Dive Brief:
- Award-winning chef, restaurateur, author and TV personality Marcus Samuelsson is joining cultivated meat maker Aleph Farms as an investor, culinary advisor and U.S. launch partner. Samuelsson will serve the Israeli company’s Aleph Cuts steaks in the U.S. when they receive regulatory approval.
- Samuelsson will advise the company in a culinary capacity, including helping with product development and go-to-market strategy. The amount he invested is undisclosed.
- Other cultivated meat companies have made similar partnerships with well-known chefs.
Dive Insight:
While no company’s cultivated meat has received approval from both the FDA and the USDA to be served in the United States, Aleph Farms is the latest to partner with an acclaimed chef to introduce it to consumers when it can.

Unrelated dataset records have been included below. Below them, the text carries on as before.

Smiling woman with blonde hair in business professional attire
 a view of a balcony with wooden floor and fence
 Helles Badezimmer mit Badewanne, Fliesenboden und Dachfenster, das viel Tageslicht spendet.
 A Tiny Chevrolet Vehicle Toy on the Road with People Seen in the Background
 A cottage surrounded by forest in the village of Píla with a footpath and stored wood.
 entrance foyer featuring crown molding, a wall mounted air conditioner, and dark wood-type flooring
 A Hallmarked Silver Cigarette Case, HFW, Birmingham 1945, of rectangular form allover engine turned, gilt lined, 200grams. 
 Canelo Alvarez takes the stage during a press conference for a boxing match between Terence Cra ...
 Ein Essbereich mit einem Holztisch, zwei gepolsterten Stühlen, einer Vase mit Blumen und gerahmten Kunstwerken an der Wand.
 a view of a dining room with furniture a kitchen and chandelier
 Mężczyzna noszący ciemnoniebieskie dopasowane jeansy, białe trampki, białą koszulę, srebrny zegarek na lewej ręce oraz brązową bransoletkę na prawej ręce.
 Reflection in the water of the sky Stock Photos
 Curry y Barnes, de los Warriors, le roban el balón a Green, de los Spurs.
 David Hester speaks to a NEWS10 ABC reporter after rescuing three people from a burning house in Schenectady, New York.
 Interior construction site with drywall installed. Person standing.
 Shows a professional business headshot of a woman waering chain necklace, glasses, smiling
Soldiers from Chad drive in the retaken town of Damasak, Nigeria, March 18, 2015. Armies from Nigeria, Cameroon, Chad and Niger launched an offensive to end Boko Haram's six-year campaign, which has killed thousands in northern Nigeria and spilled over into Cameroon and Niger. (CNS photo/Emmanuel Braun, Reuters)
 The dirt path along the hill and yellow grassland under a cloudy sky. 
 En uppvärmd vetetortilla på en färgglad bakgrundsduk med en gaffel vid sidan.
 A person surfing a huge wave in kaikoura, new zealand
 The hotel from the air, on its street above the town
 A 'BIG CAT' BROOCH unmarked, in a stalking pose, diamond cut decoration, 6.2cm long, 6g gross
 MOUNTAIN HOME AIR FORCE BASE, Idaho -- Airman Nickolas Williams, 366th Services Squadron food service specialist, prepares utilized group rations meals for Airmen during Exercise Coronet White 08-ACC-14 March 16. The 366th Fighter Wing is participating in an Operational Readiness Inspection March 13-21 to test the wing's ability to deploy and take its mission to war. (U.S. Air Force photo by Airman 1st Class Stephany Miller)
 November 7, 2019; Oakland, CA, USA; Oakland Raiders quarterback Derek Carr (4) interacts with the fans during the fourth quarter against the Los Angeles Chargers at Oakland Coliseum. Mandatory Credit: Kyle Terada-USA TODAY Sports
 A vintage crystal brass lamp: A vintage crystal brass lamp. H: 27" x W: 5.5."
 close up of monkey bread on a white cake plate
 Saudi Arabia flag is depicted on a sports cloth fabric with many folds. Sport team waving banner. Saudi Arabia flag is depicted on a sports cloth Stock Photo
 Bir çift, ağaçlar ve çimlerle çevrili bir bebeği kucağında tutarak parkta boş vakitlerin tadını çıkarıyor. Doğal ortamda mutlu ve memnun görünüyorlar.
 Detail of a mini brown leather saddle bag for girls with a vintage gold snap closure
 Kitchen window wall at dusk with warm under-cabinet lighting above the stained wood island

Samuelsson, who has several restaurants in the United States — mostly in the New York City area — will be able to showcase Aleph Farms’ cultivated steaks as a premium meat, giving them an elevated profile among consumers.
But Samuelsson is more than a James Beard Award-winning chef and restaurant operator. He’s also a well-known TV personality, hosting the PBS show “No Passport Required” about the diversity of people and traditions that make up the American culinary landscape. He’s currently on Netflix’s “Iron Chef: Quest for an Iron Legend.” He’s been a judge on “Chopped,” “Top Chef Family Style” and “The Taste,” and is a frequent guest on national television shows.
In a statement, Samuelsson said that he was attracted to Aleph Farms’ deeper mission of making sustainable food to feed the planet through cultivated meat.
“Right now, it’s a pioneering movement and one that I think will only grow to be more important and increasingly commonplace in our lives,” he said. “What once felt futuristic — like electric cars — soon becomes familiar. This is a game changing moment in the industry to invest in the future, and I’m excited to partner with an innovative company like Aleph Farms.”
Samuelsson’s blend of haute cuisine and media savvy have the potential to considerably advance the perception and cause of cultivated meat among people in the United States. His endorsement of the space alone may lead consumers to trust cultivated meat and want to try the products. But he also has several platforms available to him to tell the story of cultivated meat to TV viewers interested in food.
Samuelsson is the third acclaimed chef in the United States to partner with a cultivated meat company in this way. Dominique Crenn will be serving Upside Foods’ cultivated chicken at her three-Michelin-starred restaurant Atelier Crenn restaurant in San Francisco once it receives approval from the USDA. And José Andrés has committed to serving Eat Just’s Good Meat chicken at one of his Washington, D.C.-area restaurants.
Crenn and Andrés are likely to be adding cultivated meat to their menus before Samuelsson does. Upside Foods and Eat Just have both received a safety approval for their chicken from the FDA, meaning they can serve their cultivated meat when the USDA grants approval to their facilities and meat procedures. Aleph Farms has not received any approval from the U.S. government, and the company doesn’t expect to get there until 2024 at the earliest.